# Water shut off to my drip system



## dino (Aug 29, 2011)

I want to get a battery backup but until I do I have this so I don't continue to drop cold water with no heaters running


----------



## MEDHBSI (Sep 4, 2011)

What a great idea. Stolen! Hahah


----------



## dino (Aug 29, 2011)

Cool dude that's why I shared it cost around 40 bucks


----------



## mikebike (Sep 8, 2010)

I like the lawn water timer for controling water
https://www.amazon.ca/Orbit-62061N-...=1465097230&sr=8-1&keywords=orbit+water+timer

Easy to set and use 
• Large easy-to-read digital display 
• Watering frequency from every 6 hrs up to every 7th day 
• Watering duration from 1 to 240 minutes 
• Durable, weather resistant construction 
• Manual watering without interrupting programing

this is just an example they even have a 3 program one


----------



## dino (Aug 29, 2011)

yes that's cool also but I don't need a timer as im dripping 24/7 and I think I would have to modify the water line as im only running a 1/4 inch line


----------



## mrbob (Aug 9, 2012)

Hey Dustin where did you find that valve I need that so if power goes out water won't keep dripping in.


----------



## dino (Aug 29, 2011)

I'll try and find the link


----------



## dino (Aug 29, 2011)

Auto top off .com


----------



## mrbob (Aug 9, 2012)

dino said:


> Auto top off .com


Great ty.......


----------



## mikebike (Sep 8, 2010)

here is a SS one http://www.amazon.com/dp/B00VG3MWCO?psc=1


----------



## dino (Aug 29, 2011)

Yes but you will have to buy a plug and wire that one. Stainless is cool though


----------



## Loach (Nov 16, 2010)

This is a neat gadget.
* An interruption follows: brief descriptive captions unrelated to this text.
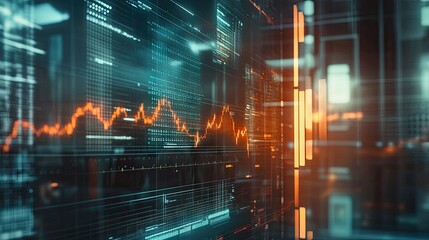 Poster - Futuristic Virtual Financial Graph Visualization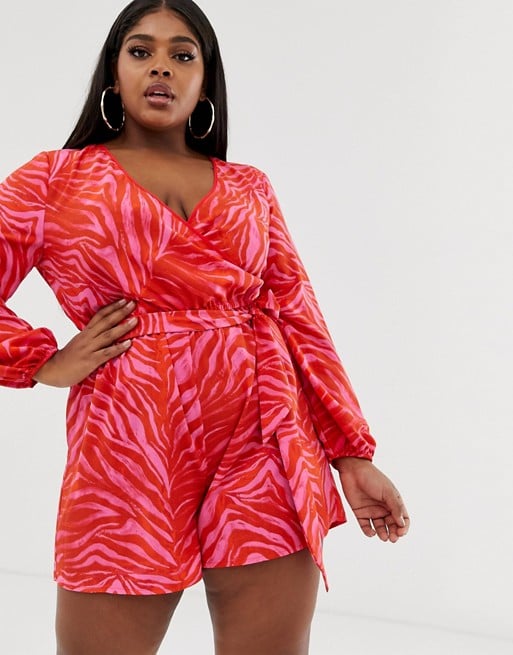 ASOS Design Curve Wrap Front Long Sleeve Romper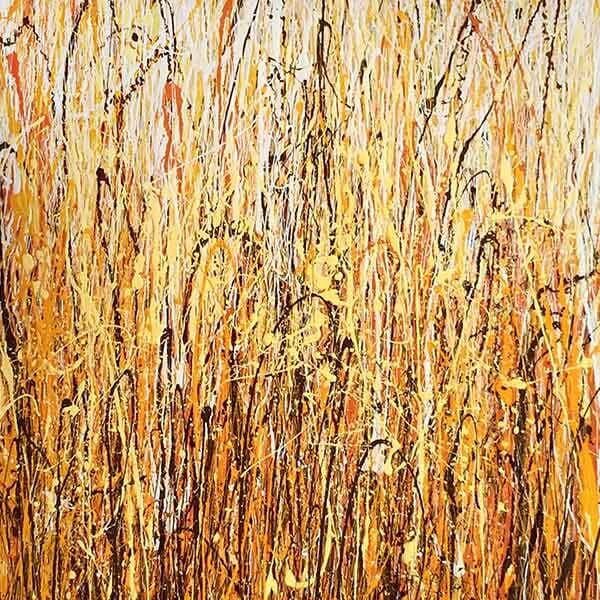 A vertical abstract work on canvas with prominent use of yelow, with traces of orange, deep red and brown.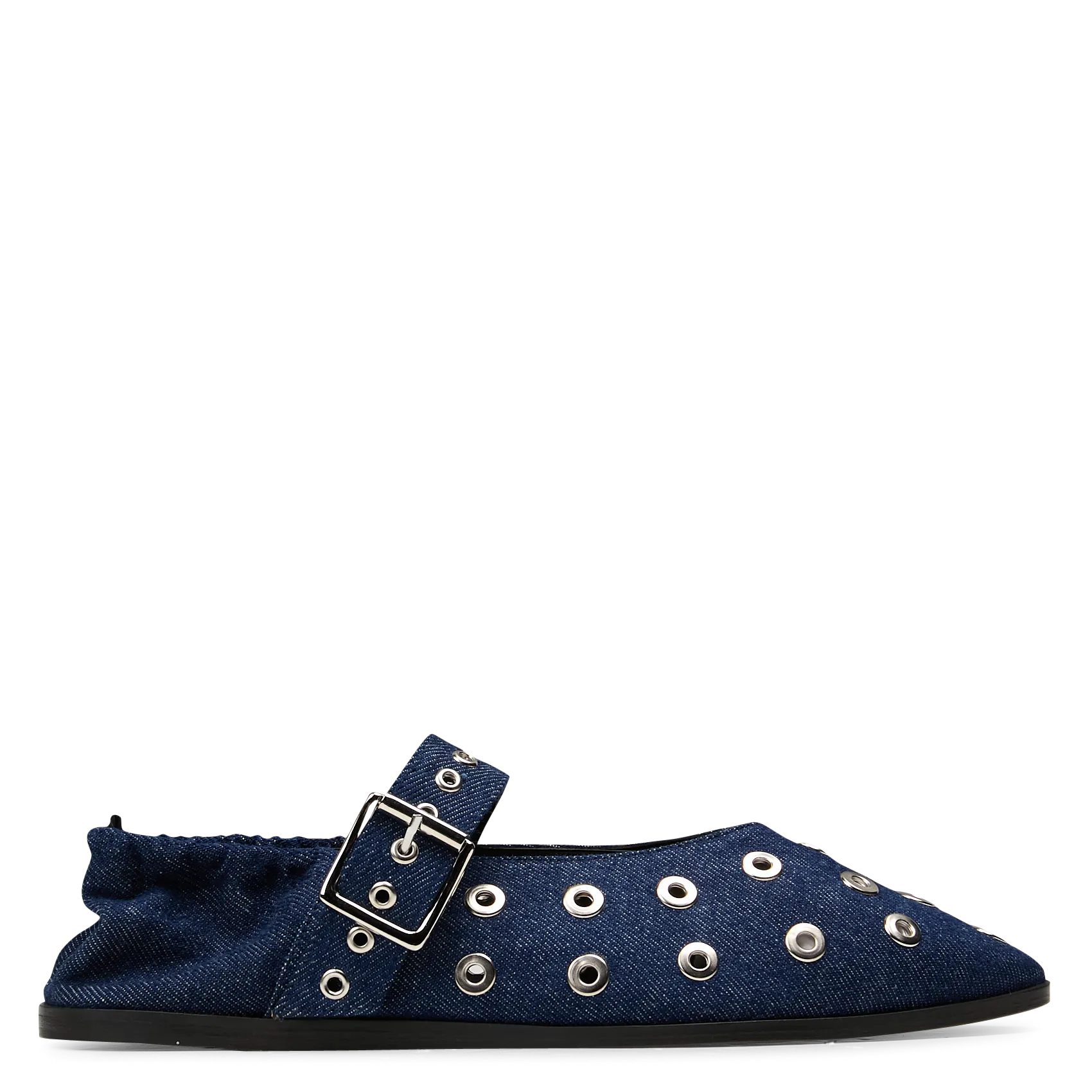 Lederballerinas mit Ösen Blau GIA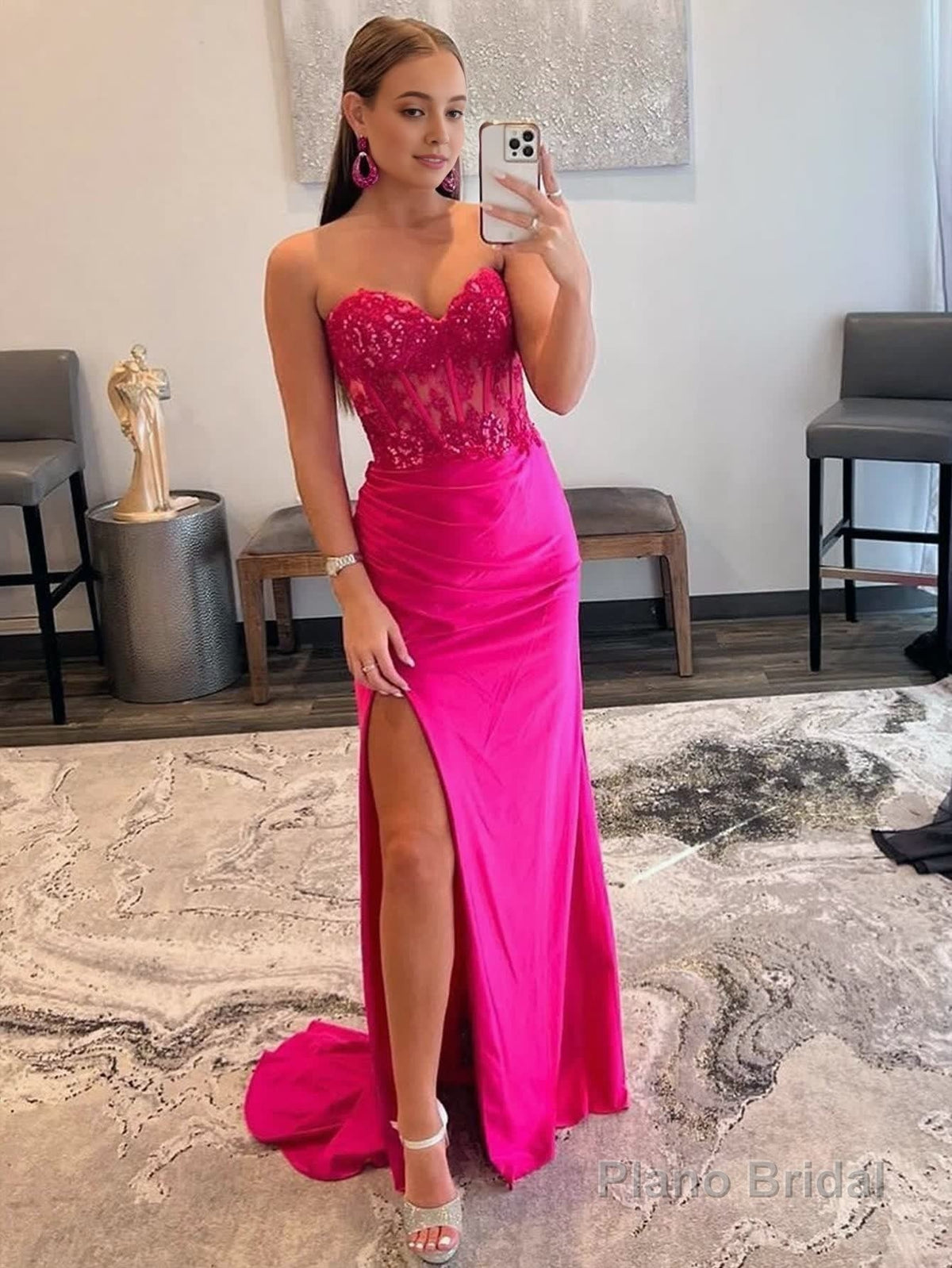 Sheath Strapless Sweetheart Long Prom Dress with Slit Main image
I pump all my water from a 500 gallon tote. I use this one. https://www.ntotank.com/500gallon-norwesco-white-vertical-storage-tank-x1038961 It lets me gas of the chlorine here, and if the power was to go out, the pumps won't turn on to pump it into the tanks. Also the 500 gallon can hold temp for a decent amount of time.

I feel like a plug in solenoid like that though could be really handy I just can't think of the use yet. I'm gonna have to put it in my back pocket.


----------